IT hiring slowing down
Recruiters forecast the IT jobs market will slump 12 per cent this month.
Australia’s biggest IT recruitment company Peoplebank surveys its top 50 clients on hiring plans for contract and permanent staff each month.
“The market is down 12 per cent from August to November and there is a modest decline from October to November, but it is not substantial,” Peoplebank chief executive officer Peter Acheson said.
The survey found the strongest sectors for IT hiring were resources and engineering.
“The professional services sector is also continuing to be pretty strong,” Mr Acheson said. The utilities sector was another solid hirer due to smart-grid projects in NSW and Victoria, with good activity also in telecommunications.
The survey found resources-driven states such as Western Australia continued to out-perform the rest of the country.
“In fact, it is exhibiting all the signs of an increasingly tight candidate market such as counter offers,” Mr Acheson said.
There had been a decline in demand in NSW and Victoria, the survey found. “This is consistent with the fact that we are in this two-speed economy economists talk about,” Mr Acheson said.
He said most states showed a trend towards contracting, with NSW the exception favouring permanent. Mr Acheson said across all sectors resources, engineering and IT showed positive hiring intentions.
Spark Recruitment director Luke Singleton said while hiring activity was consistent, it was far from buoyant.

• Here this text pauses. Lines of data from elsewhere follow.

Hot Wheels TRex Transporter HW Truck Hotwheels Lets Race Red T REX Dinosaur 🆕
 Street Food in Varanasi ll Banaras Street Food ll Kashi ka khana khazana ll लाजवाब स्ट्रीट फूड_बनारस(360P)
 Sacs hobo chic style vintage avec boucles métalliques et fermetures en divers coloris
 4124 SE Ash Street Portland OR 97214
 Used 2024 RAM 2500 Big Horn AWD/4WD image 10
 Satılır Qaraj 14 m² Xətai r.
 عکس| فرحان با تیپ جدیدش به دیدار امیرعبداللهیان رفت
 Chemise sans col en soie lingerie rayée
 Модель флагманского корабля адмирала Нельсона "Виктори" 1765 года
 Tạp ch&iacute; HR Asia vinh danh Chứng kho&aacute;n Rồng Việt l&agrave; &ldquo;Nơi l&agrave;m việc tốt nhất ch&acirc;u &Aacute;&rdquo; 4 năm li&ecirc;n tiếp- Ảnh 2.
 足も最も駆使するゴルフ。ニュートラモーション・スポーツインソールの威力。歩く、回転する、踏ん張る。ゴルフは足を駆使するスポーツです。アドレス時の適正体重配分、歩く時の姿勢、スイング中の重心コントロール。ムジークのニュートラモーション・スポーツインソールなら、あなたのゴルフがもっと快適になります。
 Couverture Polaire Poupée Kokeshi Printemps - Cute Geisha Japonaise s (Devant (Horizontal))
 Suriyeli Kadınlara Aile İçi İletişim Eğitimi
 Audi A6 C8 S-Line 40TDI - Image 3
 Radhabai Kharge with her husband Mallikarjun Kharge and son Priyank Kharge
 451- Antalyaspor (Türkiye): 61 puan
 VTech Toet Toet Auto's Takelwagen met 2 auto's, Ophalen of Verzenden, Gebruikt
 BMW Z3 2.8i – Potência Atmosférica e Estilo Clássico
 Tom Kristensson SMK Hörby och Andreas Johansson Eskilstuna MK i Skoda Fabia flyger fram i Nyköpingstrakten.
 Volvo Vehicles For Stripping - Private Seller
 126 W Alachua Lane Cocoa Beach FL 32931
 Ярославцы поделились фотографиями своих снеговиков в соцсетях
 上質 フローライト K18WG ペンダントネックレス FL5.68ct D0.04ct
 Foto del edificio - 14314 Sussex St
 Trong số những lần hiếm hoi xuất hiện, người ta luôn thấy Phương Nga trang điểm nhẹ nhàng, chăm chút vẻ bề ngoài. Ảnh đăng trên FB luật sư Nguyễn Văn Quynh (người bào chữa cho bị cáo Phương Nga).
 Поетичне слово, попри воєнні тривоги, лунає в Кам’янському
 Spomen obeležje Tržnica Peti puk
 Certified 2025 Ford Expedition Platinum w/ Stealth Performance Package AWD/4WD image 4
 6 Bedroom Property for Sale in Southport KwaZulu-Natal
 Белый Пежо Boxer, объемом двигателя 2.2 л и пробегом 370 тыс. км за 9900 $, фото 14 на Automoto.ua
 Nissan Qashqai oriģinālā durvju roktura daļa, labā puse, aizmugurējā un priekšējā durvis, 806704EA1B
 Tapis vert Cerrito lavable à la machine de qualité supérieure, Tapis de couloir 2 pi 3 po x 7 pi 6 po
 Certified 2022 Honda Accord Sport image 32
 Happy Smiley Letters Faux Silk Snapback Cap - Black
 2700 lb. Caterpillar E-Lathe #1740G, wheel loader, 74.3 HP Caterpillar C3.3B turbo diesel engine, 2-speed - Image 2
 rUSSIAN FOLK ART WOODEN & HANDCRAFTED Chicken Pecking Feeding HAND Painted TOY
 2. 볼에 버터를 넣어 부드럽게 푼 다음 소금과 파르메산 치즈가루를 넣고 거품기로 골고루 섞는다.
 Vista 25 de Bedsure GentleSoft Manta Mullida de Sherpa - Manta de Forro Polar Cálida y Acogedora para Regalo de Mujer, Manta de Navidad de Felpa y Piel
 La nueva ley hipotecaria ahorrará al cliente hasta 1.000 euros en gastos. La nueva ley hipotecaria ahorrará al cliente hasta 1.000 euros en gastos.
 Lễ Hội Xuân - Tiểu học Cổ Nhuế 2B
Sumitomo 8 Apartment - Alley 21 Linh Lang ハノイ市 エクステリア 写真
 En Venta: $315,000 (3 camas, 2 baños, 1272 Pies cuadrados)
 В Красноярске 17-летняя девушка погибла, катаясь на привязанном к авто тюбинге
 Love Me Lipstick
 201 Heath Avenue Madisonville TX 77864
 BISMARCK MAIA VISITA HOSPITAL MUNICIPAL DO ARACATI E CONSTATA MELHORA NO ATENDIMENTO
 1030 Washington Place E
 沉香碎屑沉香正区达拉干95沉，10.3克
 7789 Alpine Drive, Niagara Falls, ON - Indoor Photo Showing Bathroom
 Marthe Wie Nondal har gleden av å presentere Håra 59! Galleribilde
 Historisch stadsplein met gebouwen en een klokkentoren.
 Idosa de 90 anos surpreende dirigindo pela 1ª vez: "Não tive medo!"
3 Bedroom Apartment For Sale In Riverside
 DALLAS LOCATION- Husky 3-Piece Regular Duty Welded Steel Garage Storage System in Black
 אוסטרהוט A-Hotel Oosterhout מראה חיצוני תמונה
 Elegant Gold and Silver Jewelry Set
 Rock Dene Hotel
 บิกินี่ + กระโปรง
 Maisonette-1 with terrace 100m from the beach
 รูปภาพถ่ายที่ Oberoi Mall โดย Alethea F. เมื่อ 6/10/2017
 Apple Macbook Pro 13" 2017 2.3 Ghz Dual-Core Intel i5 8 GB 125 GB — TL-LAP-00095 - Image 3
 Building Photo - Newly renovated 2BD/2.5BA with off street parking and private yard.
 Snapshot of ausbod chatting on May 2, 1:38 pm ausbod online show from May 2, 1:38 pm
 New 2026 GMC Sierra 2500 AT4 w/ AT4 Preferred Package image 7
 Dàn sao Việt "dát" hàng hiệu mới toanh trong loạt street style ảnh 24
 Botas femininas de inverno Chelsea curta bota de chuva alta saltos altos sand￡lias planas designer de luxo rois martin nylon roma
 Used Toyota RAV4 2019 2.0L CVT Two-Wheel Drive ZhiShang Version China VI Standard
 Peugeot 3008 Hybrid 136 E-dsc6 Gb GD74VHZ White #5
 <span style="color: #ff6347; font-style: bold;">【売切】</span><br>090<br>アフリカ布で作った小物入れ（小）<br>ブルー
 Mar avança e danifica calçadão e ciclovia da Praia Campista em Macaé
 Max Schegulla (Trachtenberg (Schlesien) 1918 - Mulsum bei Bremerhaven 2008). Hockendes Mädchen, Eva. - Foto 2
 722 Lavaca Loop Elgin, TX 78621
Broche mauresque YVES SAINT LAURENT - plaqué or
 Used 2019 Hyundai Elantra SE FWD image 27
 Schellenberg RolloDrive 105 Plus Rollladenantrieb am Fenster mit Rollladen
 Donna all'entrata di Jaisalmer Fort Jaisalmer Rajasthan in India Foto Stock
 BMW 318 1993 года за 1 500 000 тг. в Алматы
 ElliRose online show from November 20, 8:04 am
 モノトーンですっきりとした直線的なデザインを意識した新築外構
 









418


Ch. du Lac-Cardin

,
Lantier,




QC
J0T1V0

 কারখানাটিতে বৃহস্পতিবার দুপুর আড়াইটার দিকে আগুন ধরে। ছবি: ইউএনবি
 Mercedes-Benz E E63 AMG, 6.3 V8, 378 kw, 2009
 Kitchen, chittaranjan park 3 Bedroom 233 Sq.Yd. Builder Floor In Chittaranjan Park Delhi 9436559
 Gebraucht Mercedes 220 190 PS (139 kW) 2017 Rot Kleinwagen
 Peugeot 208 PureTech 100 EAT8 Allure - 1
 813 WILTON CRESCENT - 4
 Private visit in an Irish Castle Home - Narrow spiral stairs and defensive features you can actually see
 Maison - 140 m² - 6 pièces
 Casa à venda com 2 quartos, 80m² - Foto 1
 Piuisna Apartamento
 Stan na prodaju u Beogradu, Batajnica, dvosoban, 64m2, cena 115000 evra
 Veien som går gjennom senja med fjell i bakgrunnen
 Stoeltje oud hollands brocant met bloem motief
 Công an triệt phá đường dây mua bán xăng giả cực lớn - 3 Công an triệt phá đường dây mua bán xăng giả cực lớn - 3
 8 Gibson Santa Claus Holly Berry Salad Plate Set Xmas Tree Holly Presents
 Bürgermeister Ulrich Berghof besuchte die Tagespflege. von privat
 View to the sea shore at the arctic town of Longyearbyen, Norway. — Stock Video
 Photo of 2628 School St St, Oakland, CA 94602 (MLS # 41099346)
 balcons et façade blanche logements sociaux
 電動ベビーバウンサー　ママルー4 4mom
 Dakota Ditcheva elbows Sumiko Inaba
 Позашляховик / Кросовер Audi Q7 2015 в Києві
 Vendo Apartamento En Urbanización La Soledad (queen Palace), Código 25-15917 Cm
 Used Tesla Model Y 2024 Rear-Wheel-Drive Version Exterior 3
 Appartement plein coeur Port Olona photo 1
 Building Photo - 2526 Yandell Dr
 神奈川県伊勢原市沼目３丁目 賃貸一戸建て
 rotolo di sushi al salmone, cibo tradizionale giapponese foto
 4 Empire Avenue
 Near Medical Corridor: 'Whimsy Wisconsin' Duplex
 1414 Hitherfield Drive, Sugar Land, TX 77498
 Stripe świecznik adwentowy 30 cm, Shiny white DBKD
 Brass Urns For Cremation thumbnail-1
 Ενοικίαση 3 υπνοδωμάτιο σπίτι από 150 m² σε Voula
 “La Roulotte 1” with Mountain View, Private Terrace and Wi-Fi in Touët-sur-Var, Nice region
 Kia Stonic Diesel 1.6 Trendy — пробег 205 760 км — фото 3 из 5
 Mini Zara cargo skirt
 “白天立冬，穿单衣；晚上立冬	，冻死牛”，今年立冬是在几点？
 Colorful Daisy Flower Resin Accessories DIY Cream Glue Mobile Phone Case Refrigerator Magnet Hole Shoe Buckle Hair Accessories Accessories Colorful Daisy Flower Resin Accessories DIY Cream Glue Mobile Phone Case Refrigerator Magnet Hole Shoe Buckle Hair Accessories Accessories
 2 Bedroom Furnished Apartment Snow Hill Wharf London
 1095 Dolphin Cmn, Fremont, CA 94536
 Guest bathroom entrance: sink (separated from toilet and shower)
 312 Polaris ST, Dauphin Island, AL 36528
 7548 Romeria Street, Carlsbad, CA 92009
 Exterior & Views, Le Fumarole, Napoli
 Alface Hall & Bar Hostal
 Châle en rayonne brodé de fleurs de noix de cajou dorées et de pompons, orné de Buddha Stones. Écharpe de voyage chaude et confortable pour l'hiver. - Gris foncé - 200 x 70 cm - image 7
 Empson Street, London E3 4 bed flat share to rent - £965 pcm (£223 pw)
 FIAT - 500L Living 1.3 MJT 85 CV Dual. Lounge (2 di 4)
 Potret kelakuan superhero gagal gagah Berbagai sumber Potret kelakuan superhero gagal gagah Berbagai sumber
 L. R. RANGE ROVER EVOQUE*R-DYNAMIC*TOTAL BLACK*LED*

“The commercial and ICT sectors are relatively active in their hiring,” he said. “Job flows were significantly down in September and remain subdued in October. Our prediction is that it will remain reserved for the remainder of the financial year.
It is most definitely the quietest it has been in the last 12 months.” Balance Recruitment managing director Paul Foster said there had been a pause in the market due to global economic concerns affecting local business confidence.
“So far most of the softening has come at the senior, strategic end of the market, but these things tend to eventually have a knock-on effect across the entire sector.”
In other data, the Peoplebank Intermedium Federal ICT Labour Hire Index, released this week, grew by 23 per cent over the first six months of the year.
“The federal government hiring in terms of contractor labour has been at the highest levels since late 2006,” Mr Acheson said. The research showed increased demand for leading-edge technology skills, including in the Microsoft suite, as well as for project managers and contractors with business intelligence skills.
The Peoplebank Intermedium Index found the government’s spending on ICT contractors had jumped from $626 million in (2008-09) to $804m in 2010-11. The average value of contracts in 2010-11 was $124,396 compared with $119,870 in 2008-09.
Mr Acheson said contractors were being lured to Canberra by attractive projects such as the major centralisation within Department of Human Services agencies.
“Federal government projects typically are not short term — they are major projects that take a number of years,” he said. “So you could be pretty confident that if you are working on one of those, that the next few years look good.”